▸ **Action item**
Please return the lines below verbatim, beginning at the one that has "Сірий Фольксваген Пассат, об'ємом" and stopping after the one that has "Морковь консервированная – рецепт на зиму", and add no other lines.
*** Opening of Extracted information ***
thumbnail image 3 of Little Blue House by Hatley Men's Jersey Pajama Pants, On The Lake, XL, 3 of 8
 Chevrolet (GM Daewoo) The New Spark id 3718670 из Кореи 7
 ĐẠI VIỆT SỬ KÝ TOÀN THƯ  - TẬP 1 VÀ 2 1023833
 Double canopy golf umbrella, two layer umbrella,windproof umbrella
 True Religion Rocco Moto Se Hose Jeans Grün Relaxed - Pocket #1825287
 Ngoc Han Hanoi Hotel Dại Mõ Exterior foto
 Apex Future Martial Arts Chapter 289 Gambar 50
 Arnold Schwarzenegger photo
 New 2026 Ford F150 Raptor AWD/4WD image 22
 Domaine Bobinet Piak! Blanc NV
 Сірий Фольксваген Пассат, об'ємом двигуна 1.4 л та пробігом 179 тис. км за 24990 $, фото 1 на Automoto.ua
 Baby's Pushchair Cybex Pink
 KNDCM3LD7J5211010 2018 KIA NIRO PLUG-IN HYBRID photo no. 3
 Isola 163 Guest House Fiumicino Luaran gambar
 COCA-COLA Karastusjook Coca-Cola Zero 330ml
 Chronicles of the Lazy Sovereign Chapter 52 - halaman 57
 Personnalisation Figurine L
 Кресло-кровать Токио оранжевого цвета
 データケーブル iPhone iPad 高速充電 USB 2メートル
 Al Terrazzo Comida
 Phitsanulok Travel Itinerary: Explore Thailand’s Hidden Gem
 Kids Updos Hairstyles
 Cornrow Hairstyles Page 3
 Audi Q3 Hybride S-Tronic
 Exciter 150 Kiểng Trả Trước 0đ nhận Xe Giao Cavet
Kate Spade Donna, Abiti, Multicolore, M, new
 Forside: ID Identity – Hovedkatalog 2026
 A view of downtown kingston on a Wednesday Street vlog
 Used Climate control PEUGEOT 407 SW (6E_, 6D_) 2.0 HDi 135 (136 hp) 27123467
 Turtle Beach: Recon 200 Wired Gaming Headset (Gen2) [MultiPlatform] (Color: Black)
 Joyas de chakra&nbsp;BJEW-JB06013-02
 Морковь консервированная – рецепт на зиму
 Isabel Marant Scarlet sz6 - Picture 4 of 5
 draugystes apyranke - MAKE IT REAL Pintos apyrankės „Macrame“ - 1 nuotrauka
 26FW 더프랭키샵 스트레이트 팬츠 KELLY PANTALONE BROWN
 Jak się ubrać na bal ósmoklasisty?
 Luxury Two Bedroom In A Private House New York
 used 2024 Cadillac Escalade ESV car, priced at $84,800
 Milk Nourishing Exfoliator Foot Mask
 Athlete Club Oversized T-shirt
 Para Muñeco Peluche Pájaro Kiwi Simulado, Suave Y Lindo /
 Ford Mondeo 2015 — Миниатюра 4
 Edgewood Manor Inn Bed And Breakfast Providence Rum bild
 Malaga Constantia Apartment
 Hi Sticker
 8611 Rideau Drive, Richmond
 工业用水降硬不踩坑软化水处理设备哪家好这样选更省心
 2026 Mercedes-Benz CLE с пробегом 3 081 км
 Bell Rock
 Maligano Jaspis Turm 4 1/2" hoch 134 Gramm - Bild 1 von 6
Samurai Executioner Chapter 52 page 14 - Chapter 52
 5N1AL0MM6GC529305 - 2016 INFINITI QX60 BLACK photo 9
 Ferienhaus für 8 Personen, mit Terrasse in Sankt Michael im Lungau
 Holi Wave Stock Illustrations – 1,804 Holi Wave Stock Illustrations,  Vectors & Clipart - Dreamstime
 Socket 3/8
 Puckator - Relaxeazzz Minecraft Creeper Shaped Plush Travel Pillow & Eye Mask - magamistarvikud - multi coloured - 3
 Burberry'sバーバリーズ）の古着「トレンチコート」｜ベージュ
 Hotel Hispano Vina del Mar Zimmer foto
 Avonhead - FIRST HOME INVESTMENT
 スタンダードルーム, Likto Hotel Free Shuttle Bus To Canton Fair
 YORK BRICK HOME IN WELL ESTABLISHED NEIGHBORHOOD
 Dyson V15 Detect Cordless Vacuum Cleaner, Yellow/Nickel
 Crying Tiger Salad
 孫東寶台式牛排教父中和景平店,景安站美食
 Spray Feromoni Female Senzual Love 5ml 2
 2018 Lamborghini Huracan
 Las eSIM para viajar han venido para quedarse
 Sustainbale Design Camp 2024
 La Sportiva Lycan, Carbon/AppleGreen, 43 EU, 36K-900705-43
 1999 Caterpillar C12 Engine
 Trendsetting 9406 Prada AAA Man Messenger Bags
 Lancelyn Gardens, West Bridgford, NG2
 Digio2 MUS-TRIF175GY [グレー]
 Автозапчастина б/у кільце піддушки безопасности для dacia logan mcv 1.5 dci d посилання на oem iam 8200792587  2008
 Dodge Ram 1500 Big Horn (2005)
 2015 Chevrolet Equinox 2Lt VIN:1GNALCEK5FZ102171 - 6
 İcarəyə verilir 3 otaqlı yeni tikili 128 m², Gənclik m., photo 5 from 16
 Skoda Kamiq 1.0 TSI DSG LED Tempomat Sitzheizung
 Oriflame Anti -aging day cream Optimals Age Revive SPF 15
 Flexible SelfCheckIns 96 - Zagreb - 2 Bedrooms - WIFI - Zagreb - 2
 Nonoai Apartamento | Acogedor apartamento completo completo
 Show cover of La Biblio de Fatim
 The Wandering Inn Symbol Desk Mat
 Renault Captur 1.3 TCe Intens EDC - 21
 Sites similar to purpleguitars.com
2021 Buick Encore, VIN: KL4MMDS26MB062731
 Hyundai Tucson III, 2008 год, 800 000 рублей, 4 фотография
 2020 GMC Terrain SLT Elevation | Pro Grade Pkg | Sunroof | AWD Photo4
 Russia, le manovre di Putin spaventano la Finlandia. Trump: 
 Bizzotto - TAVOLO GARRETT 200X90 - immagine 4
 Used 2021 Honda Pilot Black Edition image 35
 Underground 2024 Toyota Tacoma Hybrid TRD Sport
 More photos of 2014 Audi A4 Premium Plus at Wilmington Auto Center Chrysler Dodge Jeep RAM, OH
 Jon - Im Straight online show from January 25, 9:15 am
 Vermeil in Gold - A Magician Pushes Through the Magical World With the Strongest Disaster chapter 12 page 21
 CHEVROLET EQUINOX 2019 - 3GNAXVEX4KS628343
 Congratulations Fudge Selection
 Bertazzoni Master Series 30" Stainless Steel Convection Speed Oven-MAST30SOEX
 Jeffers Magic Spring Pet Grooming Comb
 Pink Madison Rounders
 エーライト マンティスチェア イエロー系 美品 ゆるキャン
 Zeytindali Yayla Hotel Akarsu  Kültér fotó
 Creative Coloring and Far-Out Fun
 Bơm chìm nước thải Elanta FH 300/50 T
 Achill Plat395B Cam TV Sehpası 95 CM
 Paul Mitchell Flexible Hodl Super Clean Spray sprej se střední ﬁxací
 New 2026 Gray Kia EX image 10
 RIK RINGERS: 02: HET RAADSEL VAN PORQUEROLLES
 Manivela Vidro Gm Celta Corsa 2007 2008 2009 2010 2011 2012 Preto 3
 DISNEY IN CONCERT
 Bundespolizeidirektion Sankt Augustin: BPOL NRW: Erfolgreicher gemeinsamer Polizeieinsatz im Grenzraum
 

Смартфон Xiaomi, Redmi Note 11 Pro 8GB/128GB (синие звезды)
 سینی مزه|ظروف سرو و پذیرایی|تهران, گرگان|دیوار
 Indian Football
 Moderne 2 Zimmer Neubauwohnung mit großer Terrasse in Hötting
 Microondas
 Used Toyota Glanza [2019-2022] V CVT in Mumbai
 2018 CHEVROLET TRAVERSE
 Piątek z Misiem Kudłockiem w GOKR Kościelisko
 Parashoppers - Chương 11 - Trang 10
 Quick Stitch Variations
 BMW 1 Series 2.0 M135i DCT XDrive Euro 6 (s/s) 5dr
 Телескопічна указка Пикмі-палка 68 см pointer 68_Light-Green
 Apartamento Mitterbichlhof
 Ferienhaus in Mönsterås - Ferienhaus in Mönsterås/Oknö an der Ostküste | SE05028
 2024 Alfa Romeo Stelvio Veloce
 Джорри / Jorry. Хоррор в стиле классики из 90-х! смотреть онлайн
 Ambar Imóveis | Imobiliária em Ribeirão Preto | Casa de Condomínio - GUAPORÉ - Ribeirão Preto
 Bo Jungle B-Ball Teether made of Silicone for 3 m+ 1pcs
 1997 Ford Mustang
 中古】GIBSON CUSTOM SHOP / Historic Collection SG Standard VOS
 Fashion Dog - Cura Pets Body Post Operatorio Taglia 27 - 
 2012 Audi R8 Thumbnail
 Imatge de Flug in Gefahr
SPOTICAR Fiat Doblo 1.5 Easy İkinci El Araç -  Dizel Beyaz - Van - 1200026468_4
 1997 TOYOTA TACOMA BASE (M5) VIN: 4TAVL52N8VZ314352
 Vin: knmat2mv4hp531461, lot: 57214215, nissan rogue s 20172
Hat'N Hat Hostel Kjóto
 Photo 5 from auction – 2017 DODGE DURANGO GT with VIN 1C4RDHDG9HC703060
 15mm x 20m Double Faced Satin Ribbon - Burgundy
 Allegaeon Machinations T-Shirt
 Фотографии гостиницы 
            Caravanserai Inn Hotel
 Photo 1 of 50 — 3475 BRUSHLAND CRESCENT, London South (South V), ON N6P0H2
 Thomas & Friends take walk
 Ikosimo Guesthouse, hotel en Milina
*** Close of Extracted information ***
▸ **Exercise result**
 Сірий Фольксваген Пассат, об'ємом двигуна 1.4 л та пробігом 179 тис. км за 24990 $, фото 1 на Automoto.ua
 Baby's Pushchair Cybex Pink
 KNDCM3LD7J5211010 2018 KIA NIRO PLUG-IN HYBRID photo no. 3
 Isola 163 Guest House Fiumicino Luaran gambar
 COCA-COLA Karastusjook Coca-Cola Zero 330ml
 Chronicles of the Lazy Sovereign Chapter 52 - halaman 57
 Personnalisation Figurine L
 Кресло-кровать Токио оранжевого цвета
 データケーブル iPhone iPad 高速充電 USB 2メートル
 Al Terrazzo Comida
 Phitsanulok Travel Itinerary: Explore Thailand’s Hidden Gem
 Kids Updos Hairstyles
 Cornrow Hairstyles Page 3
 Audi Q3 Hybride S-Tronic
 Exciter 150 Kiểng Trả Trước 0đ nhận Xe Giao Cavet
Kate Spade Donna, Abiti, Multicolore, M, new
 Forside: ID Identity – Hovedkatalog 2026
 A view of downtown kingston on a Wednesday Street vlog
 Used Climate control PEUGEOT 407 SW (6E_, 6D_) 2.0 HDi 135 (136 hp) 27123467
 Turtle Beach: Recon 200 Wired Gaming Headset (Gen2) [MultiPlatform] (Color: Black)
 Joyas de chakra&nbsp;BJEW-JB06013-02
 Морковь консервированная – рецепт на зиму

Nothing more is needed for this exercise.